В этом же комплексе был найден браслет из кожаной ленты, обмотанной бронзовыми спиралями, в которые вставлены крупные бочковидные бусы: 2 мозаичные, 2 краснопастовые и 1 из синего стекла (рис. 11 – 23-26). Браслет уникален для лесной территории, подражает по конструкции позднесарматским образцам, и находит аналогии в материалах курганов 45, 99 могильника Покровка 10[168]. По мнению В.Ю. Малашева и Л.Т. Яблонского территория распространения спиралевидных пронизей с нанизанными на проволоку бусинами – это Нижнее Подонье, Нижнее Поволжье, Южное Приуралье, Зауралье и Центральный Кавказ, где они датируются в рамках III в.[169]

Таким образом, наиболее вероятной датой выпадения клада является конец III – начало IV в.

Кроме вещей из клада в сооружениях и культурном слое городища были найдены и другие предметы.
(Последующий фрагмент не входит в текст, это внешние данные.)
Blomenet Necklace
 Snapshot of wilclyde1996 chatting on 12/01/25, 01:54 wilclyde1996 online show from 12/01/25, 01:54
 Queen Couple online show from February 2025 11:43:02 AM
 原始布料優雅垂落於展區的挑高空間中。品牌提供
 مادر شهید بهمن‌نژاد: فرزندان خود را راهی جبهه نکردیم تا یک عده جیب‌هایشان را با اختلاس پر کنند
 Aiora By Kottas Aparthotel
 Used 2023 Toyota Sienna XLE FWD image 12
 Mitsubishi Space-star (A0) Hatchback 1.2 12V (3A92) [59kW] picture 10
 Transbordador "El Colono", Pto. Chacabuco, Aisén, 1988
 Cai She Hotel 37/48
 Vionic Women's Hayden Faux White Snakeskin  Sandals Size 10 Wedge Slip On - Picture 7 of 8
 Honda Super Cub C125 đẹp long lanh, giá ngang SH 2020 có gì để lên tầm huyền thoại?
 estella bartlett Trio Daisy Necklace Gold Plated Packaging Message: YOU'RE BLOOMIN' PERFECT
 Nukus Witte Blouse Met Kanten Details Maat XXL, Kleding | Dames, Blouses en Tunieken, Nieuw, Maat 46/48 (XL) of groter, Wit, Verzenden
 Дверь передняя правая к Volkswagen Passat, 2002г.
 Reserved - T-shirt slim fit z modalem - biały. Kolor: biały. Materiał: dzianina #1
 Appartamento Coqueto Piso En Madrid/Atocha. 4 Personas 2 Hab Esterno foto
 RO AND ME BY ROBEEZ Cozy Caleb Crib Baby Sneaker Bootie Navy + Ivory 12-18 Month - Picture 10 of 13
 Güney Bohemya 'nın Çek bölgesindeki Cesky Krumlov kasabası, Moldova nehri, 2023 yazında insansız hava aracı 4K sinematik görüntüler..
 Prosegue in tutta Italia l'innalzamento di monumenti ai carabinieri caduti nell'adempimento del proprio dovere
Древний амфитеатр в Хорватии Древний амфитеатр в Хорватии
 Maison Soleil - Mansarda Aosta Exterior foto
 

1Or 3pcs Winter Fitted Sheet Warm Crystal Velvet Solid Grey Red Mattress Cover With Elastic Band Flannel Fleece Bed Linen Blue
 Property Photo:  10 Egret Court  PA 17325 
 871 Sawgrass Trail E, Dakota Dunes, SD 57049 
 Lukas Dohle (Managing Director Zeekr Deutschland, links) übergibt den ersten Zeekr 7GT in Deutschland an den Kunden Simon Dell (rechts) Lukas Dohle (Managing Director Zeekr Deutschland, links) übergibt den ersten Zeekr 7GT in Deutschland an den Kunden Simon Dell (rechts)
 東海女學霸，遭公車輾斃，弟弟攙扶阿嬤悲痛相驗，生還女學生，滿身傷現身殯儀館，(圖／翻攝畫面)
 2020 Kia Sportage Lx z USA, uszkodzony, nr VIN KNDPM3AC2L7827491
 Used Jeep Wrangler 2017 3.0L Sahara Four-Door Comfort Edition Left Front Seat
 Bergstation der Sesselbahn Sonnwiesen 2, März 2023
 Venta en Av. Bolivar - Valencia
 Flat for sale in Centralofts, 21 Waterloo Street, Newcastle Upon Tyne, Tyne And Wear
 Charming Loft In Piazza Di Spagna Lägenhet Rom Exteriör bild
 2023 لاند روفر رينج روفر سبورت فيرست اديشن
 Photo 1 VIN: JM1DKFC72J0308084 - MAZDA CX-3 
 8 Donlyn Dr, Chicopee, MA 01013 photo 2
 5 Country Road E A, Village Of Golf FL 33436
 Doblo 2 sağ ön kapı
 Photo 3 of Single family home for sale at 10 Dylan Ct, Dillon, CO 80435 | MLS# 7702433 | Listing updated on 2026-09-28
Для периода IV-V вв. характерны две звездчатые (коробчатые) (рис. 11 – 32) и коническая подвеска (рис. 11 – 34)[170], украшение сюльгам нарезками (рис. 11 – 15)[171], шейные гривны из железного дрота, обмотанного бронзовой проволокой с напущенными через равное расстояние бронзовыми биконическими бусинами (рис. 11 – 39)[172], круглодротовые бронзовые браслеты с несмыкающимися прямообрезанными слегка расширяющимися концами, орнаментированными елочным орнаментом (рис. 11 – 33)[173]. Специфичны железные трехлопастные наконечники стрел (рис. 10 – 1-2) ромбических очертаний гуннского времени (последняя четверть IV в. – первая половина V в.) типов 1Аа и 1Ба, по И.П. Засецкой[174]. Интерес представляет также набор пряслиц с городища: 27 экземпляров, практически все из которых биконические, что характерно для культур III–V вв. (памятники типа Тимяшево, именьковская культура)[175]. В материалах городища «Пичке Сарчĕ» нет ни одного пряслица данной формы.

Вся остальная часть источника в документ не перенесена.